А другой раз нас оторвало в Каспийском море – баржу – человек сто было – ну, бабы вели себя отлично, а мужчины сплоховали, двое с ума сошли: нас носило по волнам 62 часа…
Ах, ну и бабы же там на рыбных промыслах! Например, вот этакий стол – вдвое длиннее этого, они стоят рядом, и вот попадает к ним трехпудовая рыба – и так из рук в руки катится, ни минуты не задерживается – вырежут икру, молоки… (он назвал штук десять специальных терминов) – и даже не заметишь, как они это делают. Вот такие – руки голые – мускулистые дамы – и вот (он показал на груди); этот промысел у них наследственный – они еще при Екатерине этим занимались. Отличные бабы.

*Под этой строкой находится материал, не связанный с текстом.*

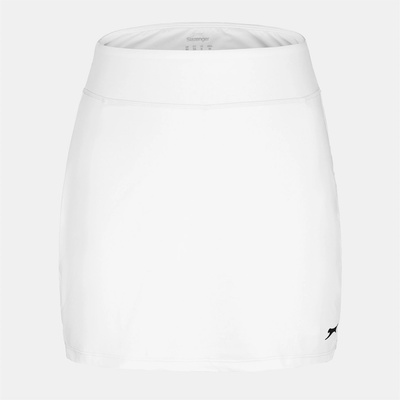 Slazenger Дамска спортна пола Slazenger Court Skort Womens - White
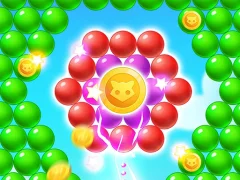 Jwèt Bubble FreeDom sou entènèt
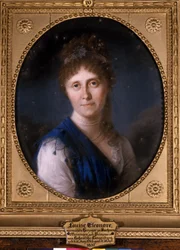 Portrait de Louise Éléonore, 1800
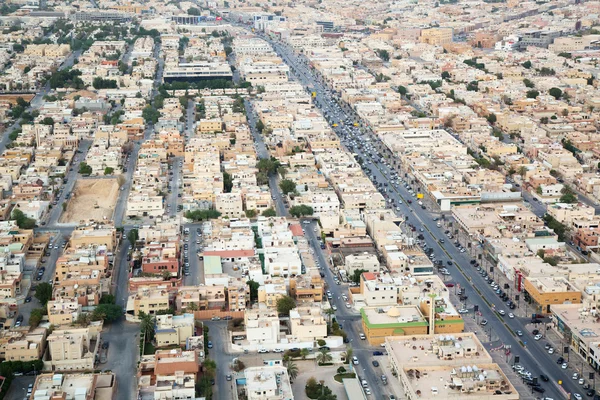 Riad centro de la ciudad — Foto de Stock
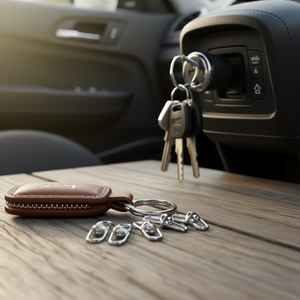 Portachiavi Ilan 16 mm colore argento per accessorio portachiavi - Product Image 3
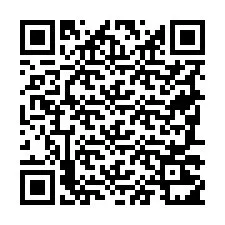 QR Code for Phone number +19787211312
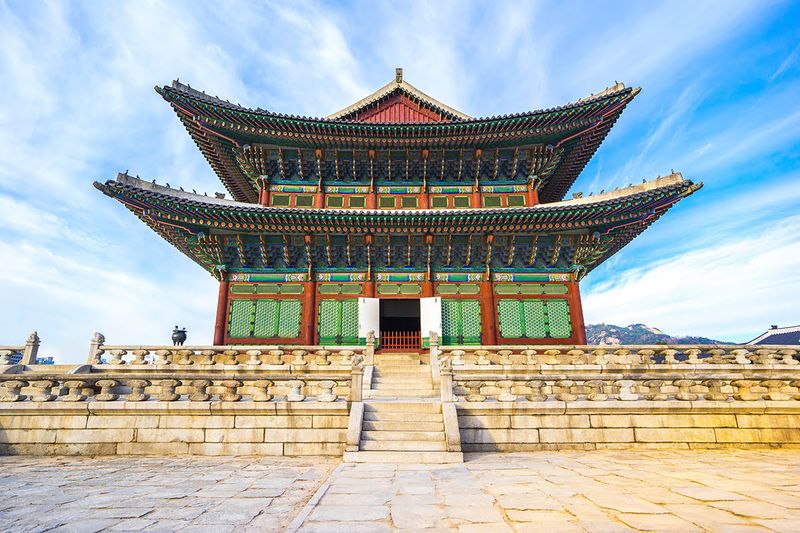 South Korea Daily Entry Caps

Потом рассказывал, как он перебегал перед самым паровозом – рельсы. Страшно и весело: вот-вот наскочит. Научил его этому Стрел [конец фамилии оторван. – Е. Ч.] товарищ, вихрастый – он делал это тысячу раз – и вот Горький ему позавидовал.

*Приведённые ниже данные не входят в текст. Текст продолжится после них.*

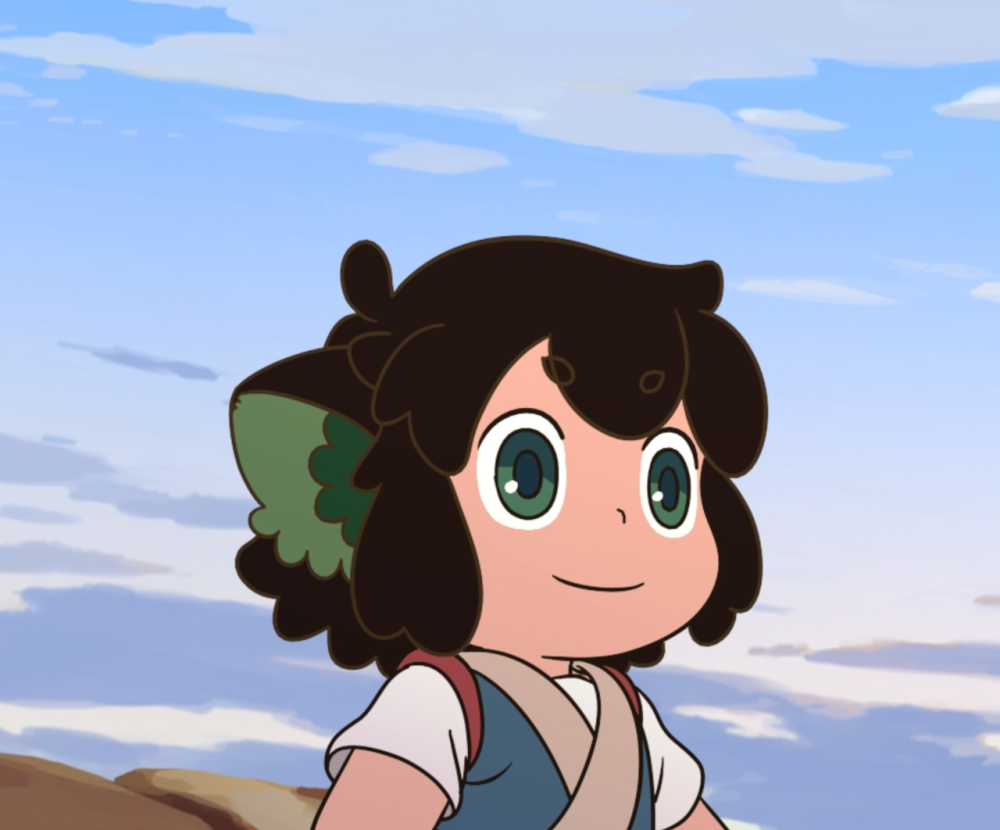 罗小黑大电影中,甚至还出现了哪吒的踪迹;由于原动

Мы все слушали, как очарованные, – особенно Блок. Никакого заседания не было – никто и не вспомнил о заседании. Потом Ольденбург говорил о том, что он ни за что не поедет за границу, что ему стыдно, что теперь в Европе к русским отношение собачье. Когда Ольденбург высказывает какое-нб. мнение, кажется, что он ждет от вас похвального отзыва – что вы скажете ему «паинька». Он даже поглядывает на вас искоса – тайком – видите ли вы, какой он славный? И когда ласковым вкрадчивым голосом он выражает научные мнения, – он высказывает их, как первый ученик – застенчиво, задушевно, и ждет одобрительного кивка головы (главным образом, со стороны Горького, но и нашими не брезгует). Горький в него влюблен, они сидят визави и все время переглядываются; Горький говорит: «Вот какой должен быть ученый». А откуда он знает! Мне кажется, что Ольденбург – усваиватель, но не создатель. Ему легче прочитать тысячу книг, чем написать одну.

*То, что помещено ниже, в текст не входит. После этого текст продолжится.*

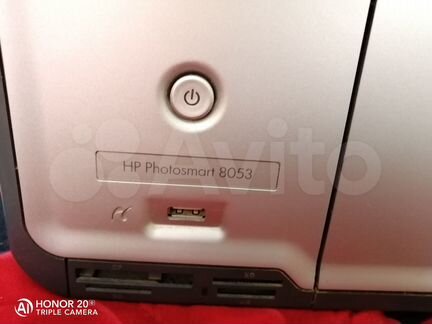 Продам принтер hp photosmart 8053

На заседании «Всемирной Литературы» произошел смешной эпизод. Гумилев приготовил для народного издания Саути* – и вдруг Горький заявил, что оттуда надо изъять… все переводы Жуковского, которые рядом с переводами Гумилева страшно теряют! Блок пришел в священный ужас, я визжал – я говорил, что мои дети читают Варвика и Гаттона с восторгом*. Горький стоял на своем. По-моему, его представление о народе – неверное. Народ отличит хорошее от дурного – сам, а если не отличит, тем хуже для него. Но мы не должны прятать от него Жуковского и подсовывать ему Гумилева.